In the Caucasus, a man my age
on his side, knees brought to his chest,
the remains of flowers scattered around him.
Grape hyacinth, which I used to plant in fall
To lie beneath the dead and frozen soil, and in thawing
send up small fragrant blooms in spring’s first days;
Centaurea, its azure blossoms like the sky
over the Tigris, and hollyhocks, their leaves
dotted with rust. Rough fibrous stalks bent low with wind,
the ragged storms will break them off to bloom
along the ground. A few leaves for a cough in the next world.
And groundsel. Now a weed, the bane of farmers,
how precious it might have been before the farms!
Bright yellow stars, and seed heads a wisp of white
And blown like souls to land no one knows where.

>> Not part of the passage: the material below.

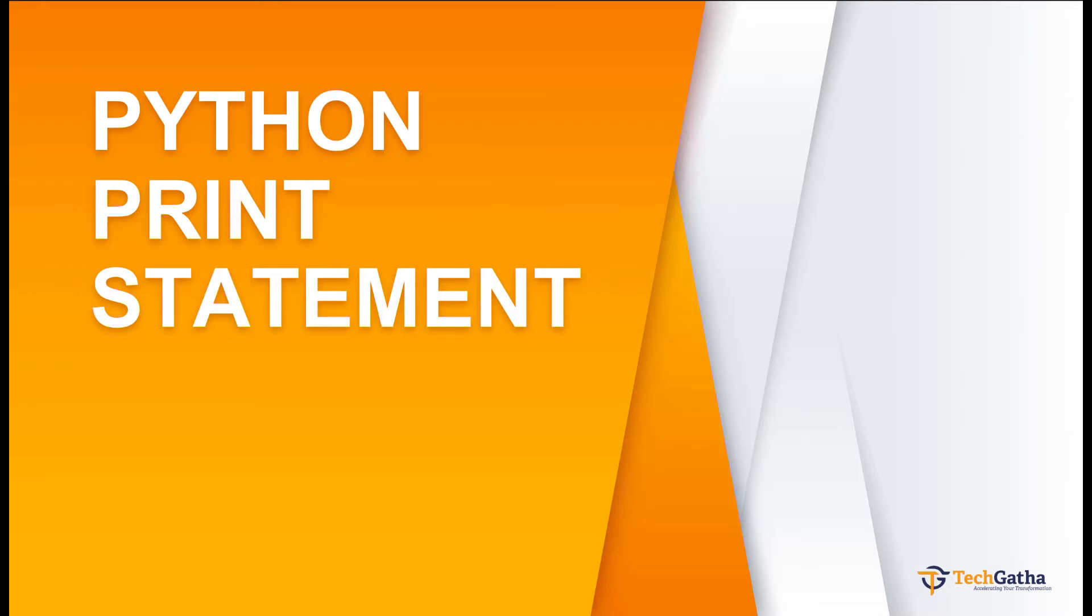Hey there, Shalini Mithal here from TechGatha and this video let's understand about the Python print statement.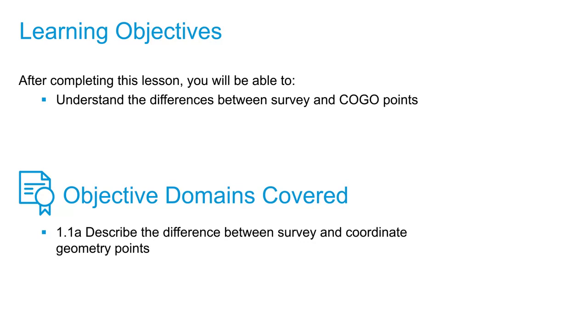In this video we're going to describe the differences between survey and coordinate geometry points, often referred to as COGO points.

I once imagined them surrounding him, a bier
of wildflowers, or a blanket of them
and religion no one knows, Aurochs and Bear, or else
A natural, pragmatic sentiment to hearten them,
and songs not heard in sixty thousand years to salve the grief
or deepen it, tears from deeply recessed eyes
beneath proud, strong browridges.
Jirds lived nearby, it seems, close kin to gerbils
that burrow and cache seeds in rocky soil, and there are those
who scoff at sentiment, who say it may have been
a simple interment without a tear, or one wracked with pain
but lacking flowers, and the jirds
dug into soft grave soil to bury food, pollen coming off their coats.
It matters, but it matters not. Six thousand years
or sixty thousand years, grief lies deep in the Iraqi soil,
runs off down stony hills.
That desolation of the heart in rills
down the Euphrates, mixed with pain at Shatt-Al-Arab
and out to sea.
In the Caucasus, a man my age
and six hundred centuries lay sheltered on his side
until they found him. They wrapped his bones
in plaster, cast him out, and now he is lost,
scattered in an indignity of looting.